Prime Minister and Radical Left SYRIZA leader Alexis Tsipras’ claim he’s bringing a recovery from a more than 8 ½-year long economic crisis is being undercut by the risk of losing 750 million euros ($851.21 million) under a debt relief deal because his government hasn’t finished agreed reforms.
Tsipras had eagerly sought the agreement last year from the Eurozone and claimed a big victory when Greece was allowed more time to repay 326 billion euros ($369.99 billion) in three international bailouts.
The deal also would see the return of monies from about 4.8 billion euros ($5.45 billion) of profits from Greek bonds held by Eurozone central banks, to be handed back to Athens by mid-2022 in semi-annual installments of 750 million euros.
The money was designed to be an incentive for Greece to stick to reforms and austerity agreed with the Troika of the European Union-European Central Bank-European Stability Mechanism (EU-ECB-ESM) and the Washington, D.C.-based International Monetary Fund (IMF) which took part in the first two rescue packages of 240 million euros ($272.39 million) but not a third of 86 billion euros ($97.61 billion) in 2015.
The European Commission will issue a report on Feb. 27 on the progress of reforms, some of which Tsipras is trying to wiggle out of after plummeting in polls and with elections coming this year.

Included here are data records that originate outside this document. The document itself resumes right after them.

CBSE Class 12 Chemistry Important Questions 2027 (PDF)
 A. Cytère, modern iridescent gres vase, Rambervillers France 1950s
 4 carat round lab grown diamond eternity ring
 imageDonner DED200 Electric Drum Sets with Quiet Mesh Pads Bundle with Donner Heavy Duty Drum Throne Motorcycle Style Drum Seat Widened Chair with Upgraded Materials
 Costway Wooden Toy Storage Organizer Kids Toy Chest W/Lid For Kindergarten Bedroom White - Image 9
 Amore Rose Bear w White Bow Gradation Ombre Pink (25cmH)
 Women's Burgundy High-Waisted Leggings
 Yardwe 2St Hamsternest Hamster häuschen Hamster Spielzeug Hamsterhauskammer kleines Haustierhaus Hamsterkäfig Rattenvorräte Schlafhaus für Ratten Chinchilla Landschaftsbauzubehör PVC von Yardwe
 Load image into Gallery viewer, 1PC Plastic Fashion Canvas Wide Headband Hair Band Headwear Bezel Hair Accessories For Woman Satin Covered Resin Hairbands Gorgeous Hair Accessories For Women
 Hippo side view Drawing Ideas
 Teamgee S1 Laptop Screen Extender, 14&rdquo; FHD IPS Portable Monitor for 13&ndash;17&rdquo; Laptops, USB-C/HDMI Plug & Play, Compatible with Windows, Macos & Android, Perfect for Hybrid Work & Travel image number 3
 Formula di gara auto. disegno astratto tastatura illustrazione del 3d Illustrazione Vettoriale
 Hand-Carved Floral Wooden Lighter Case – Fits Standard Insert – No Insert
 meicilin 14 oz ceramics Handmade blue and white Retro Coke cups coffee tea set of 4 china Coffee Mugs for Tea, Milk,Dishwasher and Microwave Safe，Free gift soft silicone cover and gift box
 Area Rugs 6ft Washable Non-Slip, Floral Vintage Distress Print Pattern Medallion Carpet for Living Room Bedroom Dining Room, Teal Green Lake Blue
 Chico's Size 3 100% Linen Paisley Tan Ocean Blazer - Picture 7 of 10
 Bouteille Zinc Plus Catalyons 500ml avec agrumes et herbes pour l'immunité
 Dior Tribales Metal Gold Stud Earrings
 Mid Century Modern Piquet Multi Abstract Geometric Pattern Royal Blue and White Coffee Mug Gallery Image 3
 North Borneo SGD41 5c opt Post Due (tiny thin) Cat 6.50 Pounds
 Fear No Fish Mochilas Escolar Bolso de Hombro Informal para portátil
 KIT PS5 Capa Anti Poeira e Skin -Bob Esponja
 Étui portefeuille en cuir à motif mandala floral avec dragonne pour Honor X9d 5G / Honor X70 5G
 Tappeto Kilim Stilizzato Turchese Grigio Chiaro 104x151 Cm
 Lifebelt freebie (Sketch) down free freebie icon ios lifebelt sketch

“The report is likely to say that Greece has not completed the agreed reforms,” one Eurozone official who wasn’t identified told Reuters. “Eurozone finance ministers will not allow the disbursement unless Athens completes the actions between February 27 and March 11,” the official said.
There are 16 various reforms at different stages of completion, but the key ones, officials said, were linked to the clearance of government arrears, the rollout of the primary healthcare system and centralized healthcare procurement and the legal framework for bad loans and pushing home foreclosures that Tsipras said he would halt.